◆ EXERCISE GOAL ◆
Output the data below exactly, without images.

◆ DATA EXCERPT ◆
=== Section Start ===
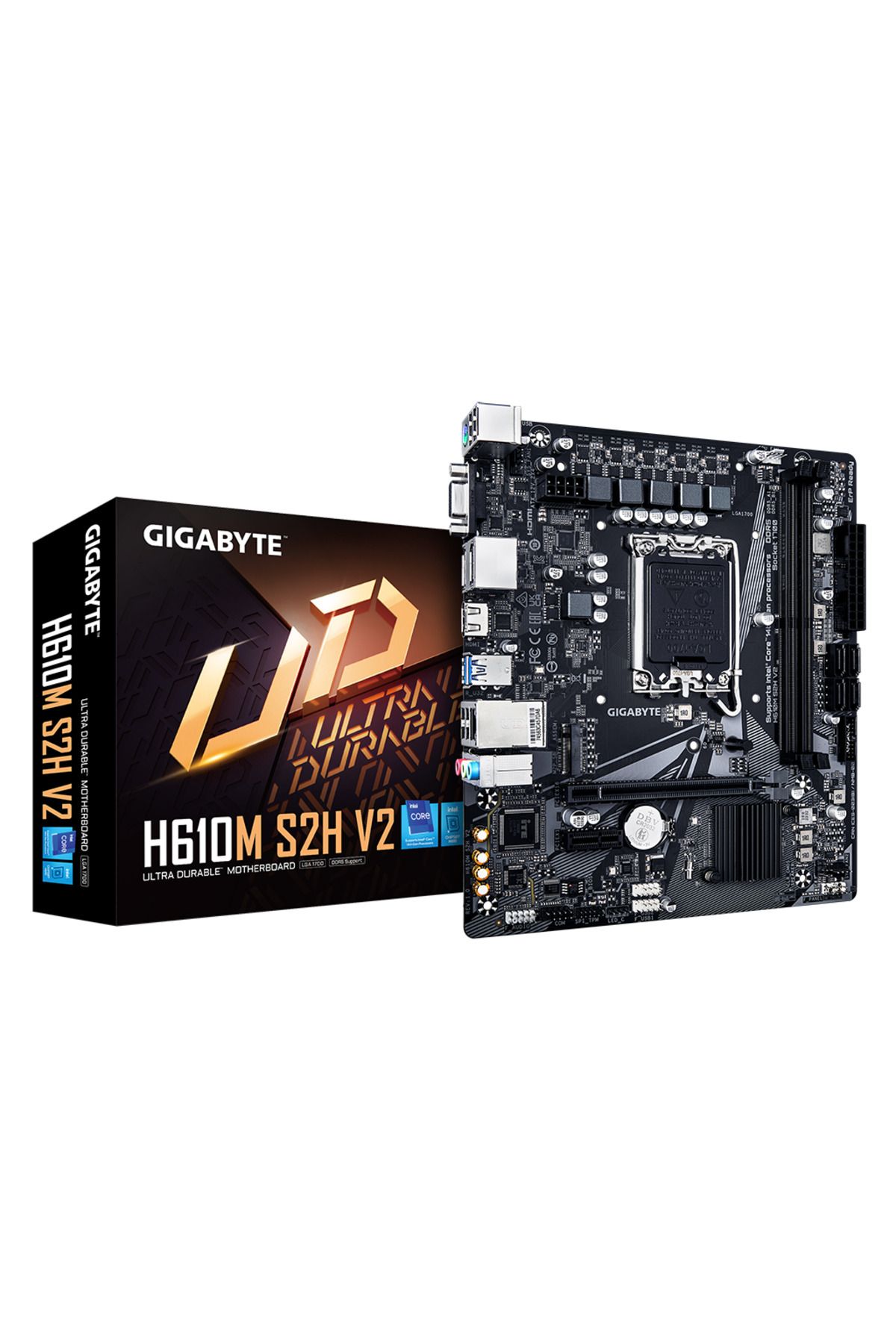 Gigabyte H610M S2H V2, rev.1.0, 5600MHz, 2xDDR5, M.2, D-SUB, 2xDP, HDMI, 12-13-14.Nesil, LGA1700 Sok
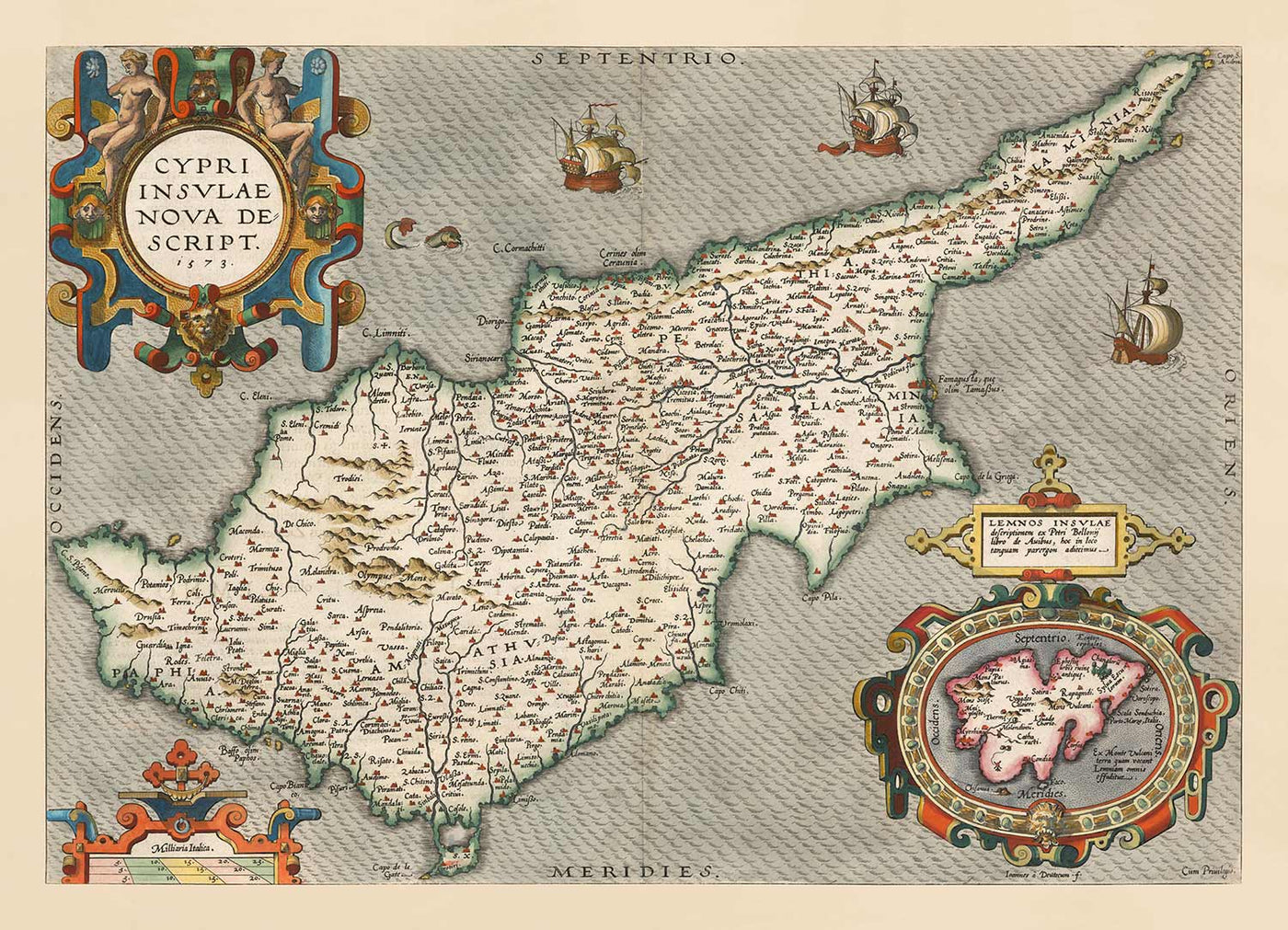 Seltene alte Karte von Zypern von Abraham Ortelius, 1573 - Nikosia, Kyrenia, Famagusta, Limassol, Pafos 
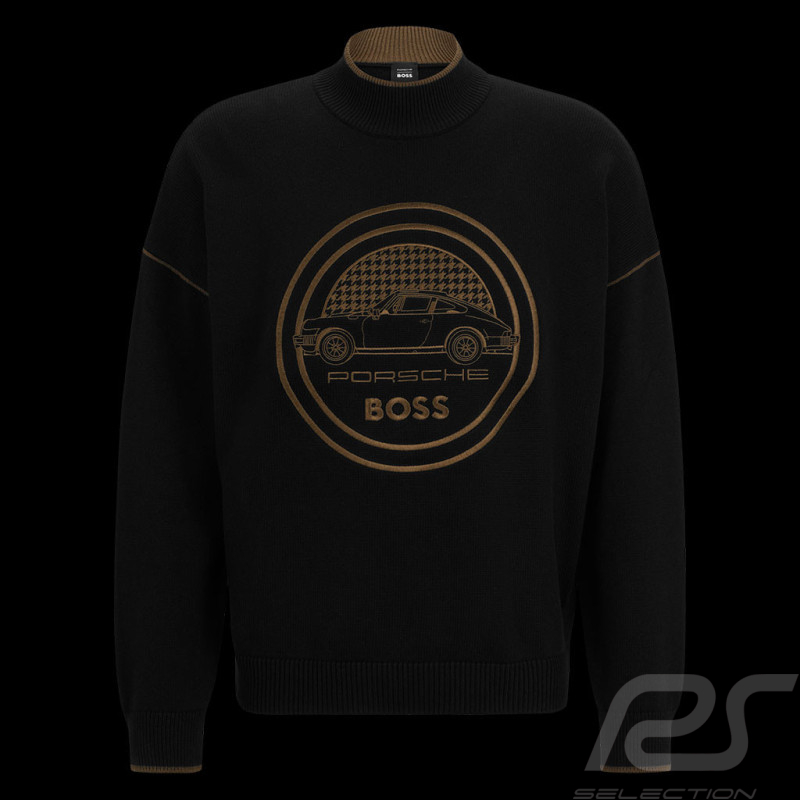Porsche x BOSS Sweatshirt Capsule-Logo Baumwolle / Wolle Schwarz BOSS 50496955_001 - Herren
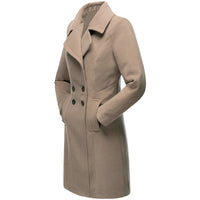 Long Woolen Women's Coat Indoor And Outdoor Casual Jacket Double Breasted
=== Section End ===
◆ RESPONSE TO THIS EXERCISE ◆
 Gigabyte H610M S2H V2, rev.1.0, 5600MHz, 2xDDR5, M.2, D-SUB, 2xDP, HDMI, 12-13-14.Nesil, LGA1700 Sok
 Seltene alte Karte von Zypern von Abraham Ortelius, 1573 - Nikosia, Kyrenia, Famagusta, Limassol, Pafos 
Porsche x BOSS Sweatshirt Capsule-Logo Baumwolle / Wolle Schwarz BOSS 50496955_001 - Herren
 Long Woolen Women's Coat Indoor And Outdoor Casual Jacket Double Breasted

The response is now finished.